Please write the listing below out again exactly, leaving every picture behind.

(Data section begins)

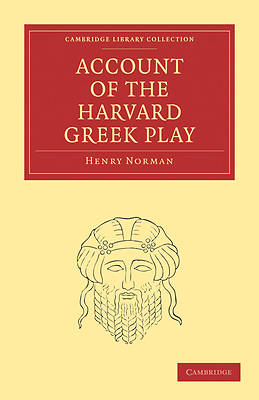 Picture of Account of the Harvard Greek Play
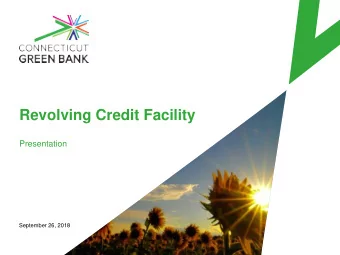 Revolving Credit Facility  Presentation  September 26, 2018  What is a Green Bank?  Inclusive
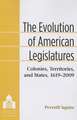 The Evolution of American Legislatures: Colonies, Territories, and States, 1619-2009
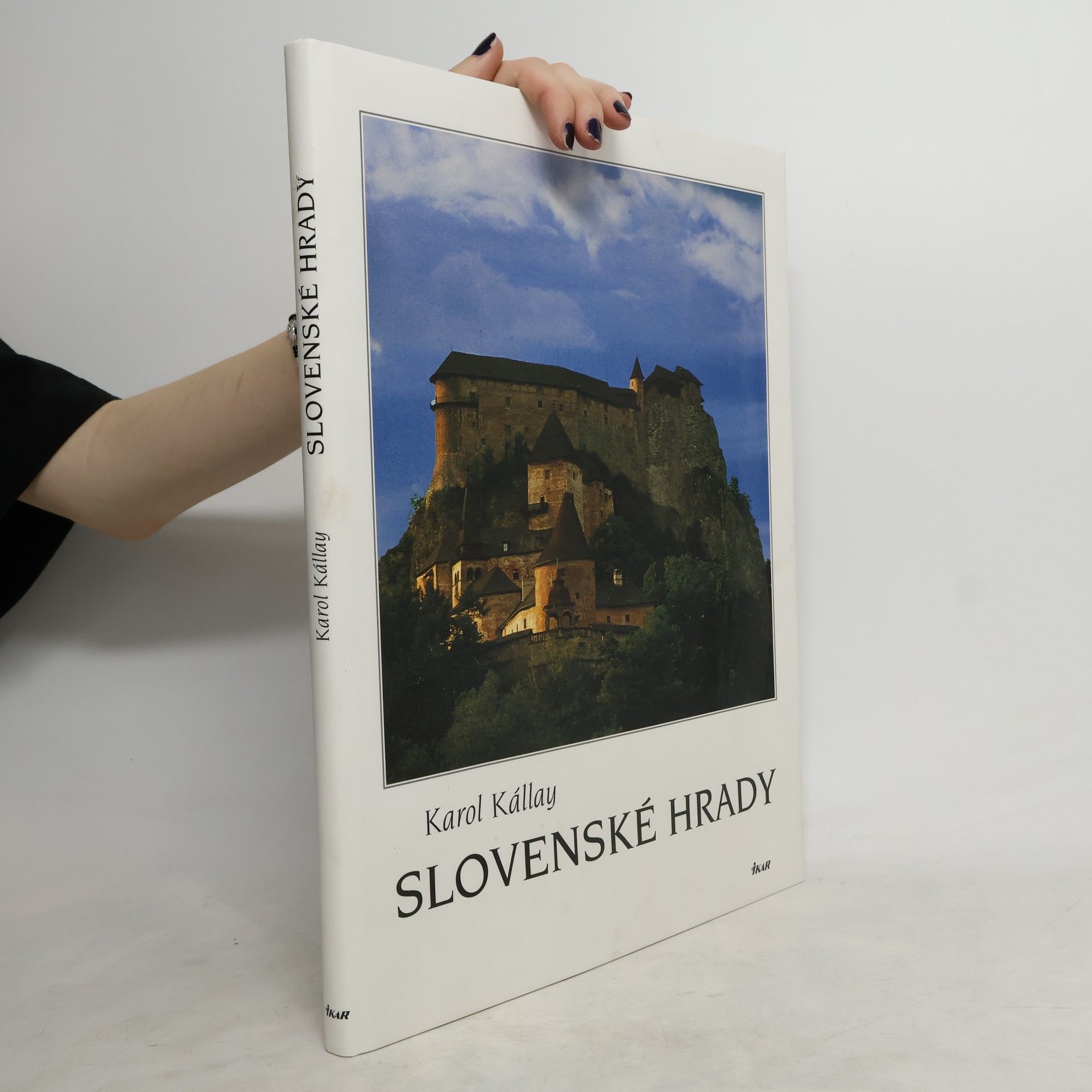 Karol Kállay Slovenské hrady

(Data section ends)

Written response
 Picture of Account of the Harvard Greek Play
 Revolving Credit Facility  Presentation  September 26, 2018  What is a Green Bank?  Inclusive
 The Evolution of American Legislatures: Colonies, Territories, and States, 1619-2009
 Karol Kállay Slovenské hrady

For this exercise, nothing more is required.